El mal nuestro de cada día
La sombra del World Trade Center sobre el Bajo Manhattan, 1988. Fotografía: Getty.

Parecía inevitable que Pynchon escribiera sobre el 11S. Como parecía inevitable que se tomara su tiempo para hacerlo. El tiempo del duelo, del luto, del trauma. El viejo neoyorquino septuagenario tendría que lanzarse a narrar, por fin, el día en el que dos aviones lo cambiaron todo. ¿Qué otra cosa podría hacer? Nueva York es su ciudad. La batalla de la pureza contra el mal, una de sus obsesiones. La inocencia destripada, otra. Destripada, sí.

Lo que nadie esperaba es que Pynchon hiciera lo que hace en Al límite. El maestro de los «Proverbios para paranoides» no construye una teoría de la conspiración para el 11S. En un terreno en el que la conspiranoia florece con exuberancia selvática —¿recuerdan aquello de «Ningún avión se estrelló con el Pentágono»?— Pynchon no cede a la tentación de sumarse al coro. Eso es lo fácil. Pynchon prefiere dejar el espacio sembrado de preguntas. De hipótesis oscuras como el agujero negro que queda como cicatriz de lo que un día fueron las Torres Gemelas. Pynchon nos mantiene suspendidos sobre una nube de incertidumbre. En su lectura de aquel mundo que se derrumba solo cabe una certeza: la omnipresencia de lo perverso.

El autor que se metió en el corazón de la Alemania nazi en El arco iris de gravedad y llamó a aquel oscuro viaje iniciático «En la Zona» se adentra en otro espacio del mal: la oscuridad de la Zona Cero, donde una fuerza diabólica instaura un pedazo de nada, una puerta mística que deja al descubierto un yacimiento de corrupción.

Es el primer día de la primavera de 2001. Maxine es una investigadora de seguros a la que han retirado la licencia que recibe la inesperada visita de un preocupado examante. Reg, un cámara freelance, ha sido contratado por el magnate de la informática Gabriel Ice para hacer unos vídeos hagiográficos de su empresa —una fulgurante compañía informática en los tiempos más hinchados de la burbuja del puntocom—. Pero Reg descubre algo turbio en la empresa y, tirando del hilo, Maxine llega a un terreno tan resbaladizo como el suelo manchado de sangre y semen de un apartamento de extrarradio. De paso, descubrirá Deep Archer, un mundo paralelo versión beta en la internet profunda diseñado por dos antiguos socios de Ice, Justin y Lucas —dos informáticos que representan la inocencia geek.

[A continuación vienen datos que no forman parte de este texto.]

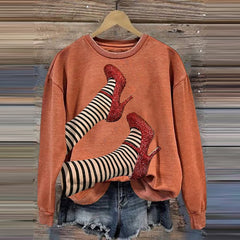 Halloween Classic Ruby Red Shoes Printed Casual Sweatshirt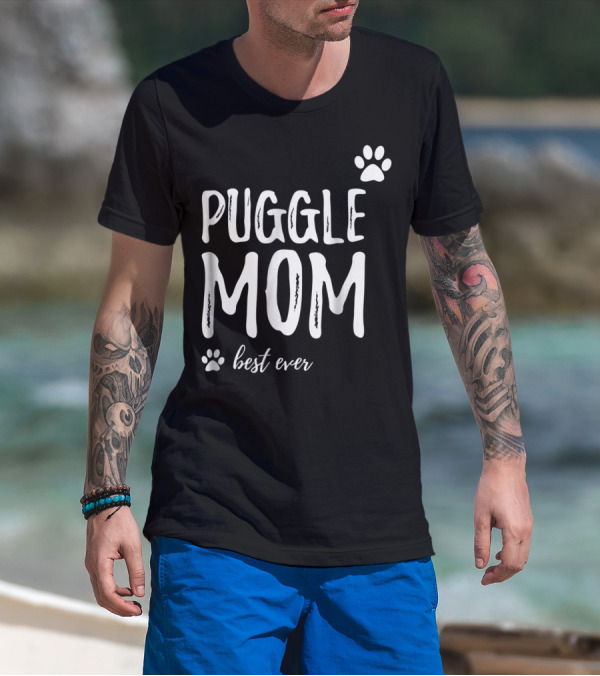 Puggle Mom Best Ever Dog Lover Paw Prints T-Shirt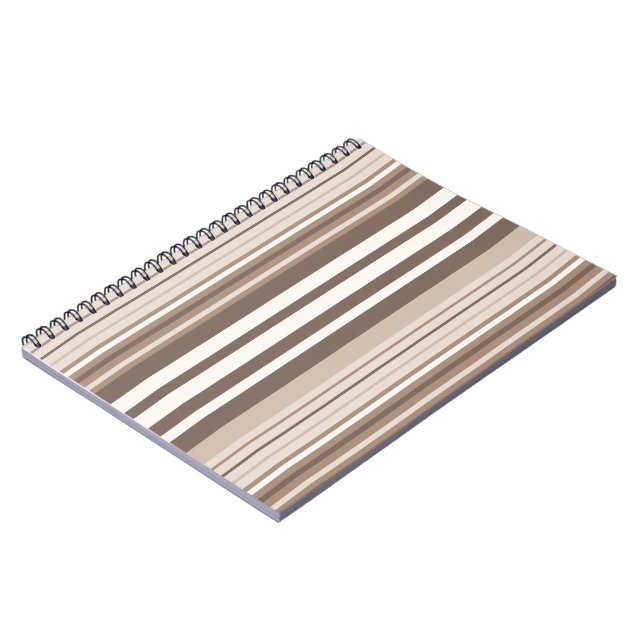 Neutral Earthy Tone Stripes Pattern Design  Notebook (Left Side)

Justin y Lucas, su fe inquebrantable y naíf en que puede haber una perfecta Arcadia pixelada, recuerdan a aquellos hippies despreocupados de Vineland, los que acabarían arrasados por el sistema, por la CIA, por las tenebrosas fuerzas del poder. Las mismas que acecharon al idealista y joven Pynchon. Las que llegan directamente desde las páginas de Vineland hasta las de Al límite.

Con el tiempo, las fuerzas del mal se han sofisticado. La nueva amenaza es silenciosa. No es ya como el grito que rompe el cielo en Gravity’s Rainbow —la sinestésica metáfora que utiliza Pynchon para referirse a las bombas alemanas sobre Londres—. La bomba del siglo XXI es muda. Son unos aviones chocando contra el icono de una Nueva York pretendidamente perfecta.

El terror en Pynchon es subliminal y omnipresente. Lo eran las Torres del WTC, que dejaban caer su sombra sobre toda la ciudad. Que la siguen dejando caer en forma de luto geométrico ahora que ya no están. Las Torres desaparecieron, pero no su sombra. Como si la ciudad viviera bajo el síndrome el miembro fantasma.

Con el World Trade Center cerniéndose gigantesco por encima de sus cabezas a babor, envuelto en el brillo de su propia luz, y con el inmenso e implacable océano por delante, en un indeterminado y lejano punto de la oscuridad.

No es la primera vez que aparecen las Torres en la novela, pero sí la primera vez que Pynchon las describe. El World Trade Center de Pynchon no se eleva al cielo, se cierne como una amenaza sobre la ciudad. Es el símbolo perfecto de la perversión urbanística de Nueva York. Y así, Maxine sueña con un Manhattan que no es exactamente Manhattan. Porque el Manhattan real tampoco es ya el que era. Pynchon nos habla del «Yupper» West Side, del Upper East donde las manzanas son más pequeñas para que los pijos no se esfuercen demasiado al atravesarlas, del SoHo convertido en un parque temático de la bohemia y de un Times Square disneyficado, esterilizado de putas y de personalidad.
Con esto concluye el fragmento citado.